The first summit on power management and scheduling disciplines in the Linux kernel was held at Scuola Superiore S. Anna in Pisa Italy on Monday 3 April and Tuesday 4 April 2017.  The event was organised by Arm and members of the ReTis lab.  It attracted a wide audience that spanned both the industry and academic realm. Linaro attended the conference and offers the following summary from day 2 (to read about what took place on day 1, click here). To view the presentations listed below, click on the headings.

Possible improvements in the schedutil governor By Rafael Wysocki

Rafael had no slides and invited people to have an open discussion on how the schedutil governor can be improved. He gave a general overview of the current CPUfreq governors along with schedutil that uses metrics from the scheduler to drive frequency scaling. The problem that emerges after a year since inception is that updating an OPP or P state is a slow operation and scaling requests happen much faster than the HW can handle.

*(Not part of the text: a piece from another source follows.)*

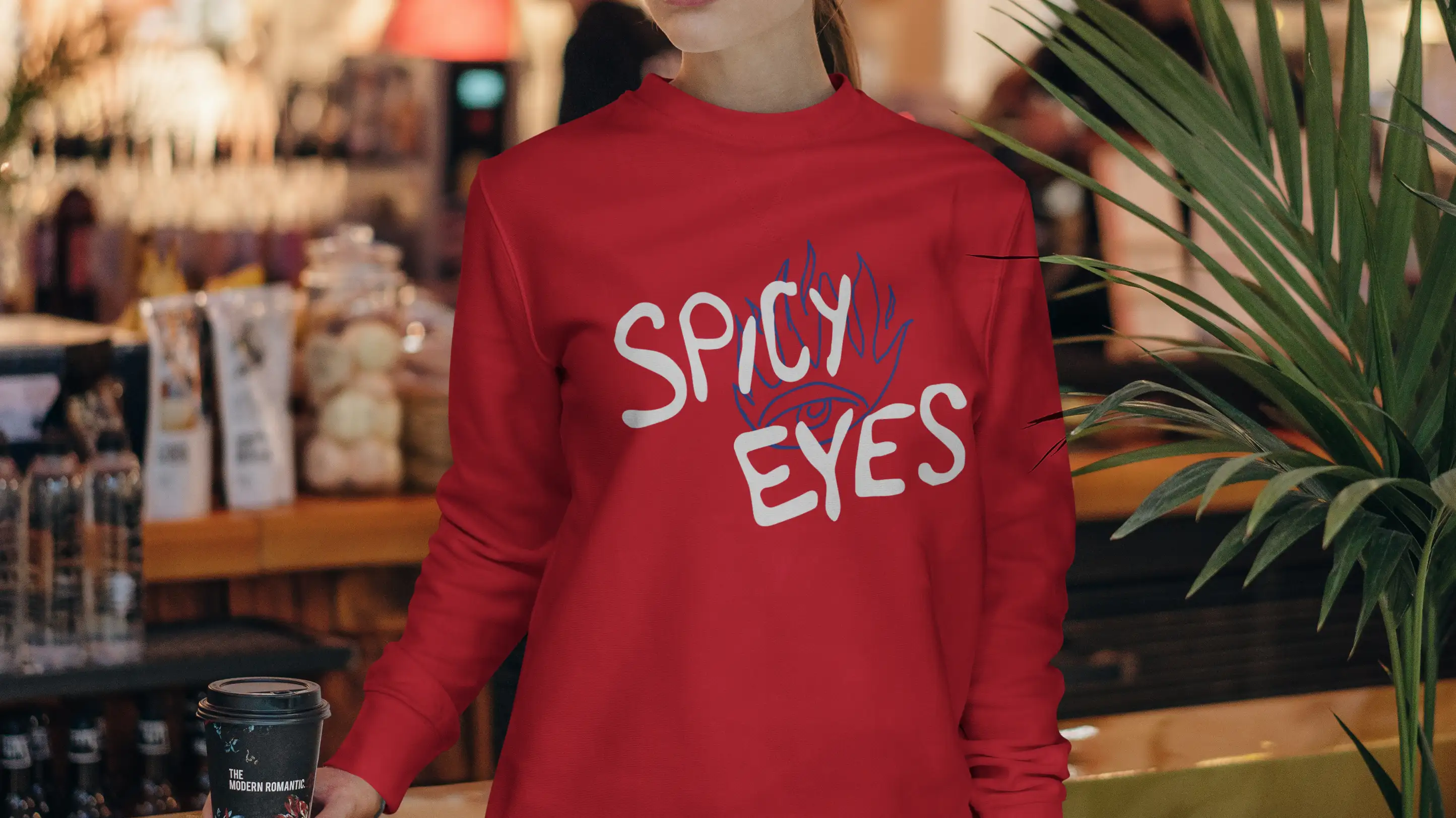 Spicy Eyes logo design on red sweatshirt.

As such we are limited by the number of events to choose from. But that is also sub-optimal because events carrying meaningful information can be discarded. Rafael is of the opinion that something needs to be done with the events received between updates, some sort of aggregation but specifics are still not defined. This triggered a conversation about where to do the aggregation, i.e in the core or push it down to the drivers. The issue of the frequency update window was also breached but no clear conclusion came out of it. At that point another participant noted that many updates do not represent what is really going on in the system. Injecting events when they don’t correspond to something important can lead to an aggregation that may not be useful. One option would be to identify specific events in the core scheduler and choose those as decision points. Someone else suggested introducing policies that would dictate how events are considered. Regardless of the solution, people agree that the governor is much slower than the scheduler, hence the need to somehow aggregate events. It was also agreed that the problem should be fixed rather than masked.

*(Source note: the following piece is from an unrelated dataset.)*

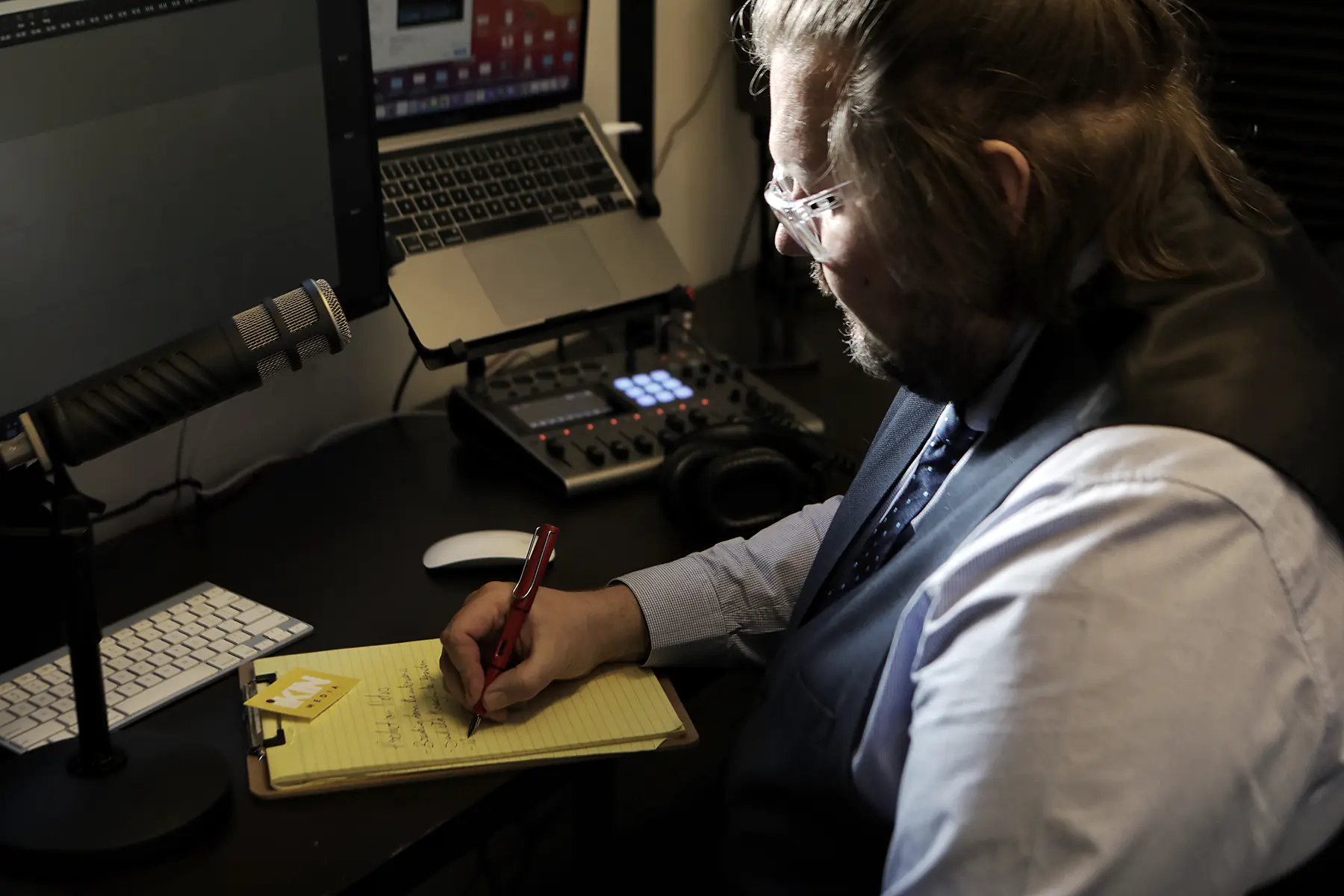 Sam Ikin in the recording studio writing production notes. Photo: Paul’s Studio and Photography.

Schedutil for SCHED_DEADLINE By Juri Lelli and Claudio Scordino (slides)

The idea behind this presentation is to set CPU frequencies based on runqueues’ active bandwidth, a metric that comes directly from Luca Abeni’s bandwidth reclaiming patchset (see above). Doing so, careful considerations about the runtime reservation of tasks need to be taken into account, i.e tasks still need to meet their requirements when the clock is scaled. From there a graph showing the effect of frequency scaling on the execution time of a task in the context of deadline scheduling was presented. Abeni’s patch on bandwidth reclaiming introduces the per-runqueue “running_bw” variable, a CPU specific utilization contribution metric. Using that operation, points are modified when running_bw is updated. The main design decisions made have been listed, including which bandwidth information to use for frequency scaling (i.e. the more conservative this_bw or the more aggressive running_bw) and how the scheduling class should be informed of frequency changes. The classic problem often raised in scheduler context is that clock scaling is very slow compared to the execution windows allocated to tasks, leaving not enough time to react. Also raised was the issue of current HW design where PMIC hang off an I2C/SPI bus shared with other devices, making contention a big problem. Different approaches about how to raise the priority of the processes responsible for OPP management were discussed without identifying an exact solution. A lot of SW would have to be reworked and even then results are not guaranteed.

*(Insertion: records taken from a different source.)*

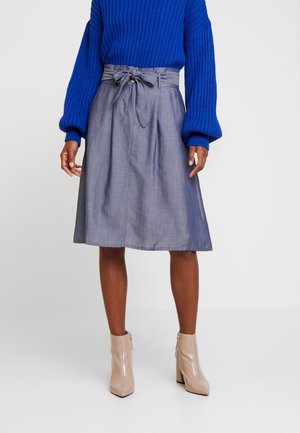 Kvinde iført en blå ribstrikket sweater, knælængde grå nederdel med bundet bælte og beige ankelstøvler, stående mod en hvid baggrund.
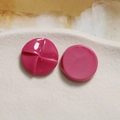 Close-up of rose red resin windmill ornaments with spiral and smooth surface textures - Rose Red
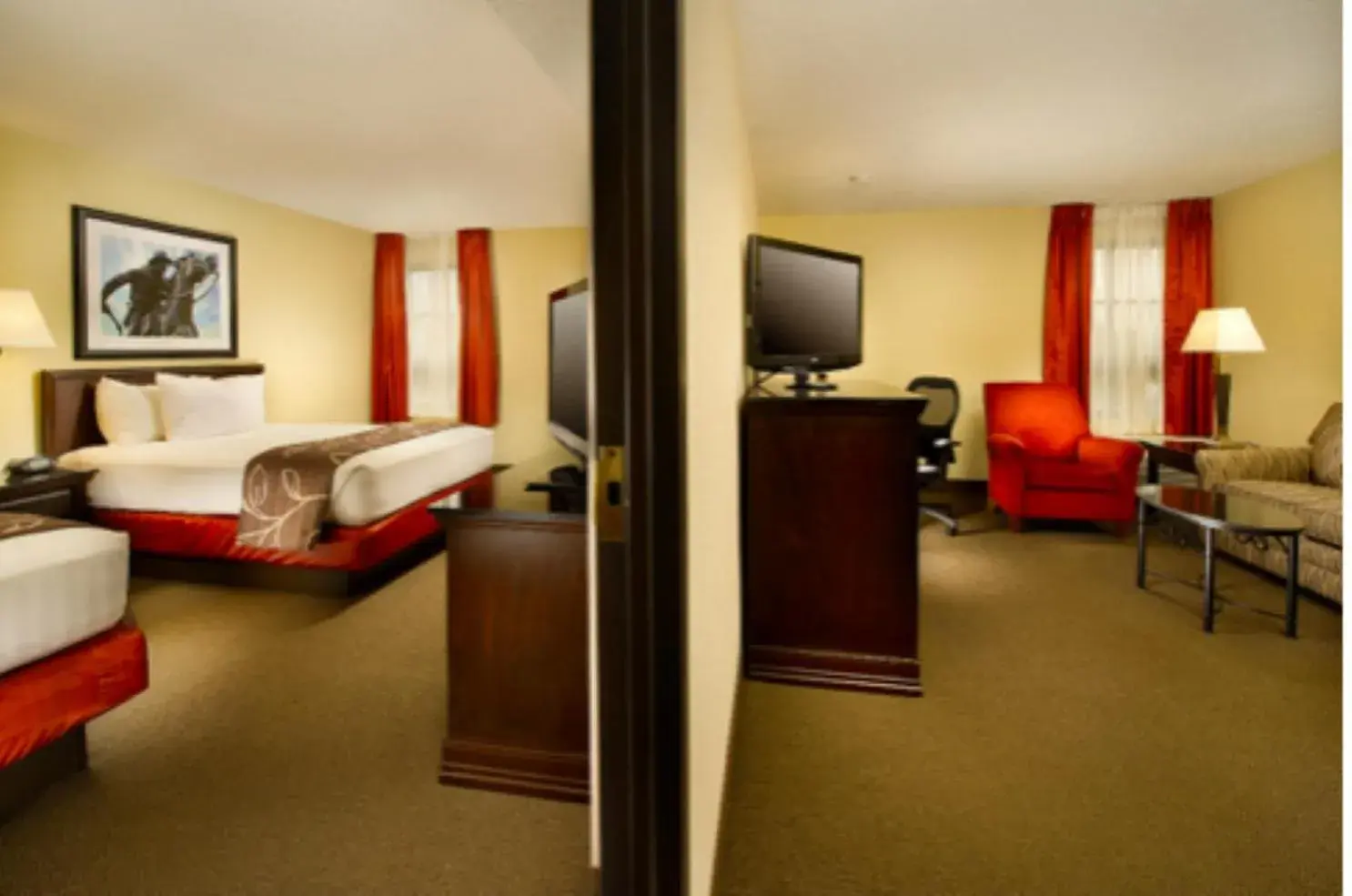 Bed, TV/Entertainment Center in Hotel Lotus Kansas City Merriam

Parameterizing CFS load balancing: nr_running/utilization/load By Dietmar Eggemann (slides)

This was a discussion about changing the existing completely fair scheduler (CFS) load balancer to use either nr_running, utilization or load as a central metric. At this time, tipping points are used to trigger load balancing but is there a way to change things so that system characteristics are taken into account? Is this feasible? If so what needs to be changed? Today the load balance code supports a lot of specific code for corner cases, resulting in many condition statements and poor readability. The presentation continued with a short breakdown of the current CFS scheduler along with the input signals currently available to the load balancer code, more specifically the load for each entity, the runnable load for CFS runqueues, the number of runnable tasks, utilization (running/blocked) and CPU capacity. Then followed the main heuristics involved in the load balance process, namely finding the busiest group, calculating the imbalance and fixing small imbalance corner cases. All that led to the question of parameterized approach, i.e can we use load balance input signal to simplify the code and if so, what order should be followed (nr_running –> utilization –> load) ? That triggered some discussion on the best way to proceed, one being that all statistics be taken into account before dealing with special cases.

Tracepoints for PELT By Dietmar Eggemann (slides)

Dietmar started his second presentation by saying that it would be nice to standardize mainline kernel scheduler tracepoints in order to have a better understanding of what is going on. Several problems in PELT have been fixed over the last few years and having a set of standard tracepoints would have likely helped tracking those quicker. The question is, what should those tracepoints be for PELT? One requirement is that they be found in all the combination of kernel configuration switches, introduce minimal overhead on the CPU and don’t export information to the outside world. The presentation continued with examples of how metrics related to CFS runqueues, scheduling entities and task groups could be mapped to currently available tracepoints along with the best place to add them. The advantage of such approach would be that load tracking events are standardized, traces can be shared without losing their meaning and that generic post processing tools (for example LISA) can be used on them.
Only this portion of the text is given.